ピアノの練習。結城美帆子

「練習」と、思うとネガティヴな感じですが、「ピアノが弾ける」と、思うとポジティブな感じになりませんか?先日、子供の頃からずーっとピアノを続けている大人の生徒さんが、「電子ピアノとグランドピアノではタッチが違うから、やっぱりグランドピアノで練習しないとダメなんですかね。

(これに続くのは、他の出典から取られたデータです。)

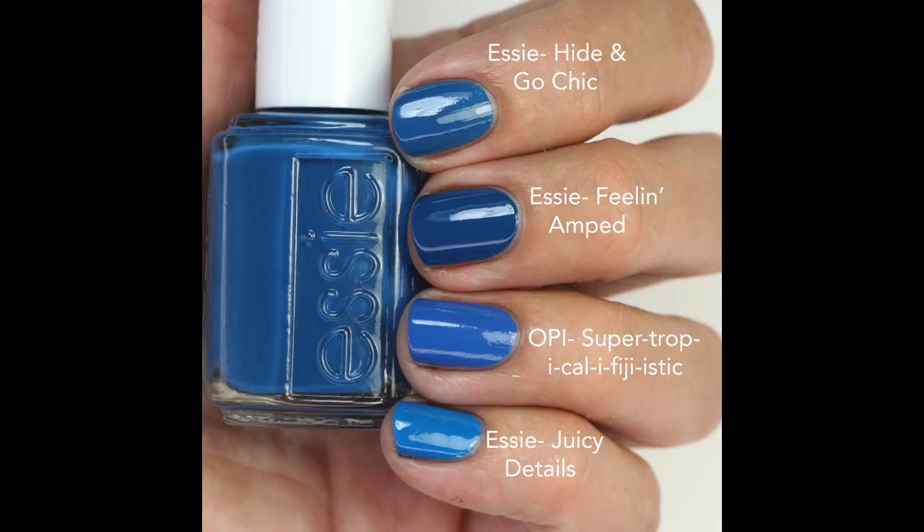I compared Fill in Amped to Hide and Go Chic — they looked exactly the same in the bottle, but Hide and Go Chic has a more crelly formula and they're not as close as I thought. I compared it to OPI Supercalifragilistic, which is more of a sky blue, just to show the color tone. I also compared it to Juicy Details, which is brighter and lighter. If you liked Hide and Go Chic, you're really going to like this one — the formula and brush are much better, and it's kind of unique to Essie's line.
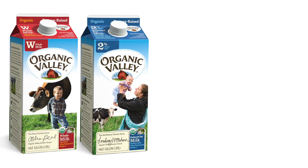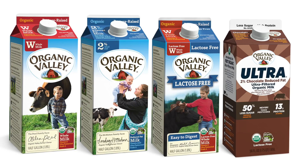So whether you prefer whole, 2%, lactose-free, and even chocolate milk, all these types of Organic Valley milk provide the same nine essential nutrients, benefiting your body and tasting great.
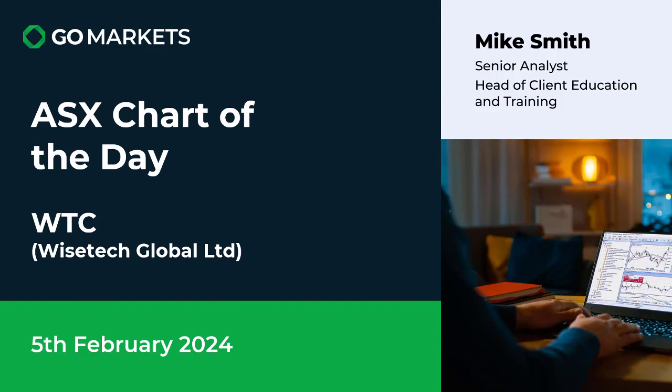Welcome to your ASX chart of the day. It is Monday the 5th of February 2024. Today we're looking at WiseTech Global Limited, ticker code WTC, a company involved in logistics software. There's some interesting price action on it today which we think is noteworthy.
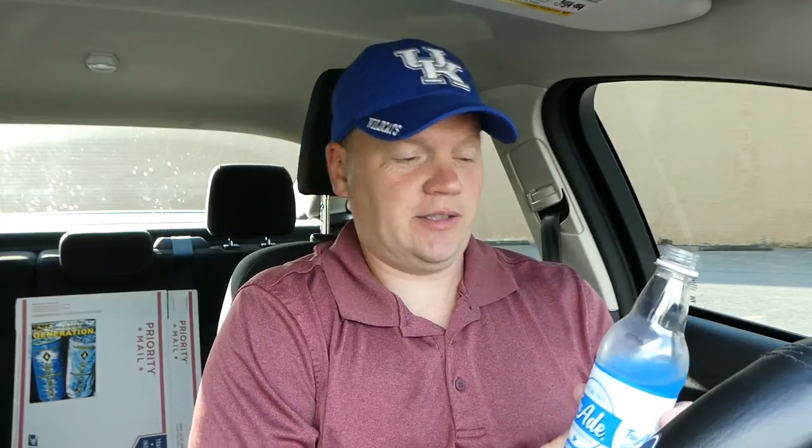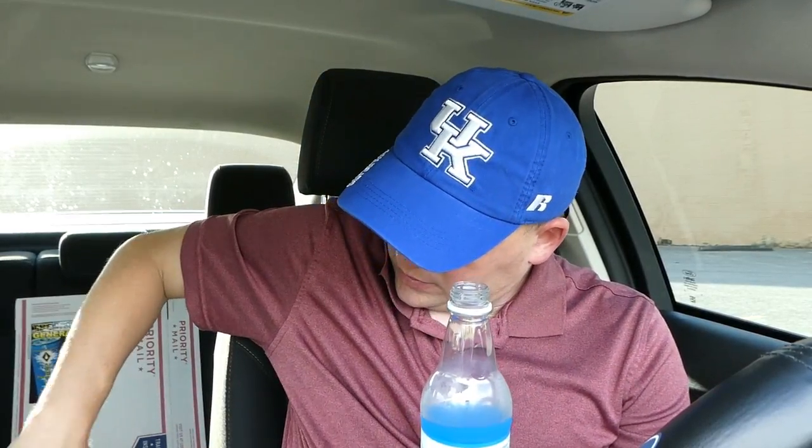Alexa, when was True Aid invented? Alexa's not working right today. Alexa, when was True Aid invented? I don't know that one. I don't know either.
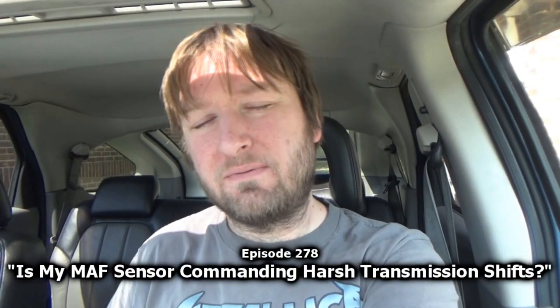Hey guys, welcome to this installment of Mike's Vehicle Vlogs. I still have bedhead because we're going to look into the mass airflow sensor on the Aztec this morning. I can already see the wasps are flying around - I hate those things. Anyway, this morning we're going to try to do a little more work with the mass airflow sensor, look into this a little more.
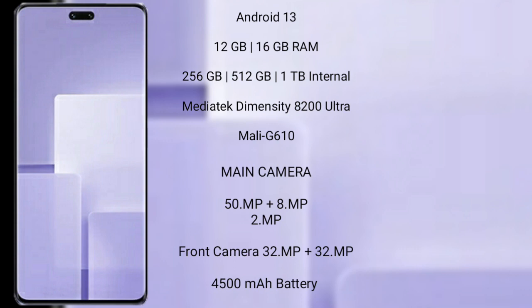Xiaomi CV3 comes with 12GB or 16GB RAM and 256GB, 512GB, or 1TB internal storage, Mediatek Dimensity 8200 Ultra processor and GPU Mali-G610.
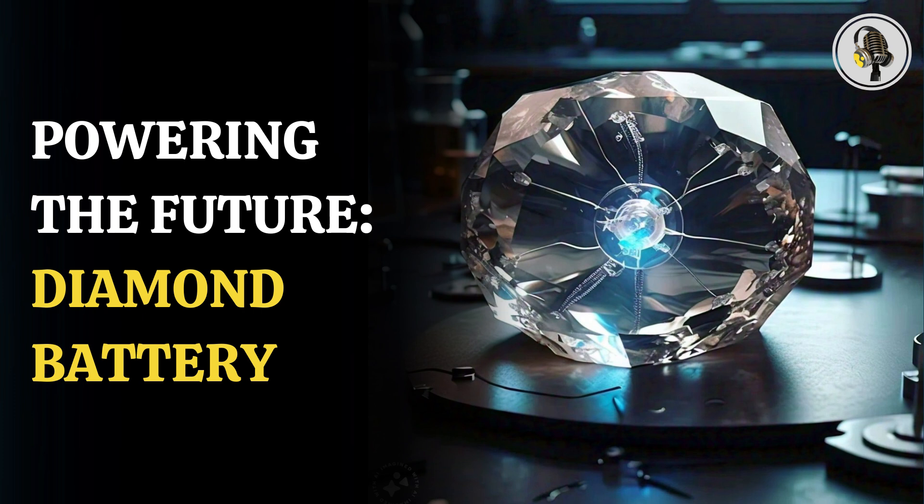Scientists from the University of Bristol and the UK Atomic Energy Authority have created the world's first carbon-14 diamond battery. They say that this revolutionary energy source can be used in various environments and become a sustainable solution.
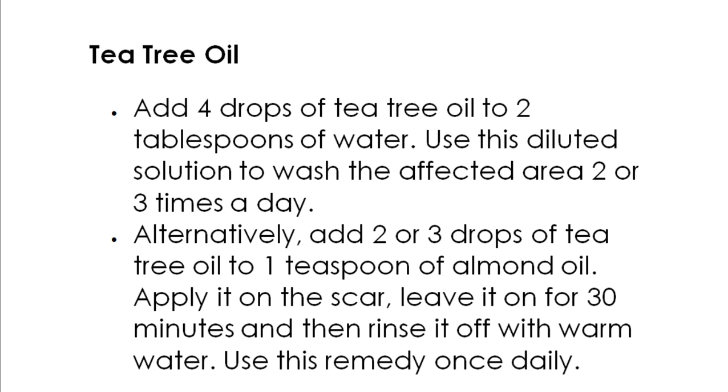Tea tree oil is a useful essential oil to help manage skin conditions and reduce scars and blemishes, thanks to its anti-inflammatory and skin healing properties. Note: never use tea tree oil undiluted. Also, if using the essential oil for the first time, do a patch test.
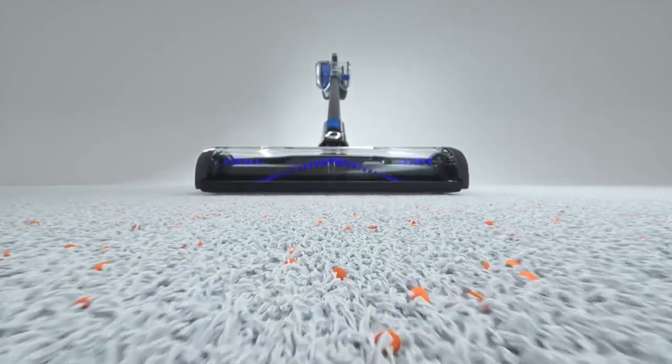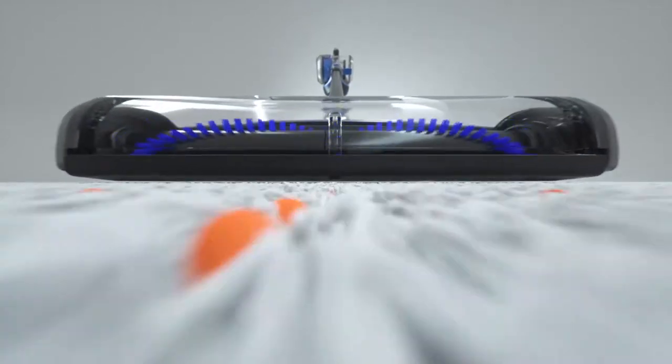The new VAX Blade Cordless with Direct Helix Technology giving you optimum cleaning performance. Its powerful floor head and motorised brush bar spins 4,000 times a minute to deliver powerful pickup.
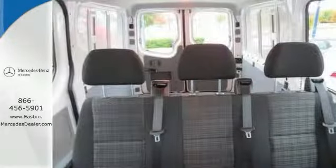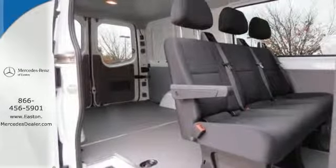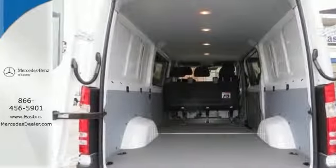It also has deep tinted windows and a multi-information display. With its cavernous interior, powerful performance, and rock-solid build quality, this full-size cargo van is an excellent choice.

」などと言うようなことをおっしゃっていたのですが、確かに、電子ピアノとアップライトピアノとグランドピアノでは、それぞれ構造が違いますから、当然タッチも違いますが、昔は音楽高校や音楽大学の練習室にはアップライトピアノしかありませんでしたし、今でもアップライトピアノだと思いますし、みんなアップライトピアノで冷暖房が無い中で練習してました。なんでもあれば良いということでもないと思います。私の子供の頃は、防音室なんてありませんでしたから、みんなが帰って来ると「うるさい」と言われてピアノが弾けなくなるので、ピアノを弾ける時間が限られていたため、学校から帰宅するとすぐにピアノを弾き始めておりました。音楽高校を受験することになった中学1年生の12月に、離れにピアノの部屋を作ってもらえたので、一日中練習ができるようになりましたけどね。いつでもできると思うとなかなかできないのかもしれませんね。ピアノのレッスンを受けていて大切なことは、レベルアップも大切ですが、ピアノを弾ける幸せを感じているかどうかが1番大切なのではないでしょうか?そしたら、電子ピアノだろうがアップピアノだろうがグランドピアノだろうがピアノには変わりはありません。ピアノを弾く上で大切なのは、テクニックだけでなく感性です。想像力です。どうぞ、ピアノを弾ける喜びをお忘れにならないようにお願い致します。心より祈りを込め申し上げます。